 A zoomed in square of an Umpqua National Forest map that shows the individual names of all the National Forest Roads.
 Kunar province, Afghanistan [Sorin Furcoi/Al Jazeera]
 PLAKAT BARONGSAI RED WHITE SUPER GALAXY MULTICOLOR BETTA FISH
==
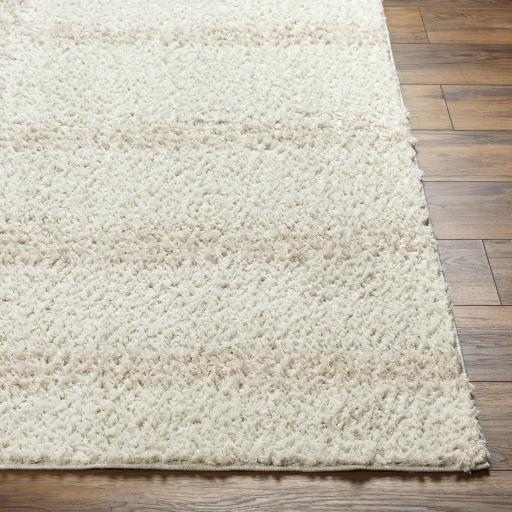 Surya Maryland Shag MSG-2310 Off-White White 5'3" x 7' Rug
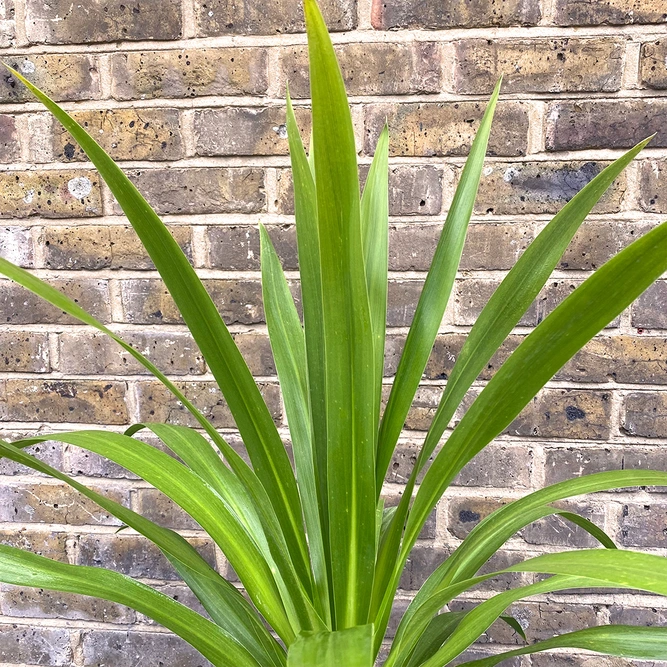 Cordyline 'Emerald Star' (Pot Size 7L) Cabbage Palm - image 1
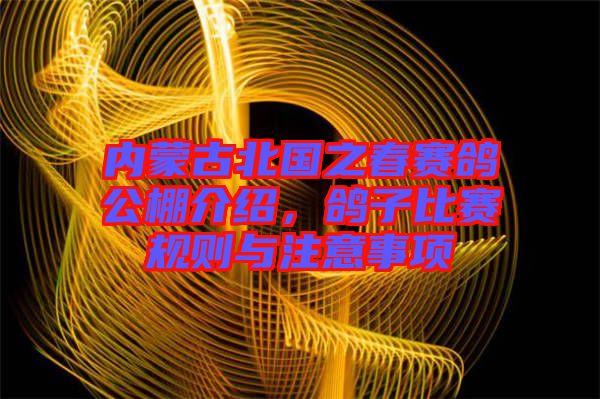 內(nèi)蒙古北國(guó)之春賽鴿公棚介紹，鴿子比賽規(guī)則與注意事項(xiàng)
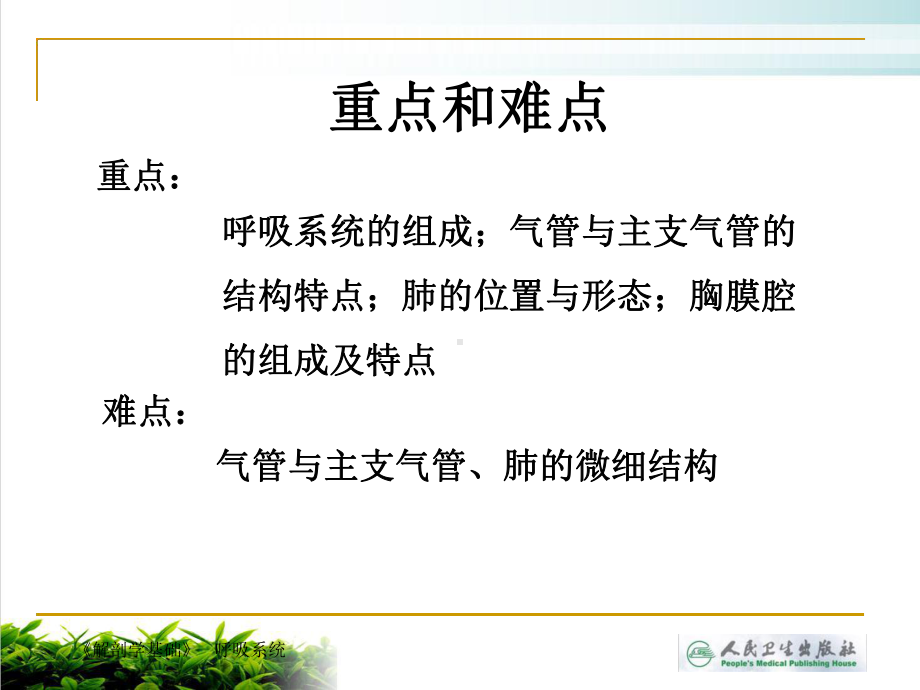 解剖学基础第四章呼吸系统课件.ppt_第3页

**ACTION ITEM:**
Everything in the material above from the line that has "Kunar province, Afghanistan" through the line that has "PLAKAT BARONGSAI RED" must be duplicated exactly, with no other lines given.

**ANSWER SPACE:**
 Kunar province, Afghanistan [Sorin Furcoi/Al Jazeera]
 PLAKAT BARONGSAI RED WHITE SUPER GALAXY MULTICOLOR BETTA FISH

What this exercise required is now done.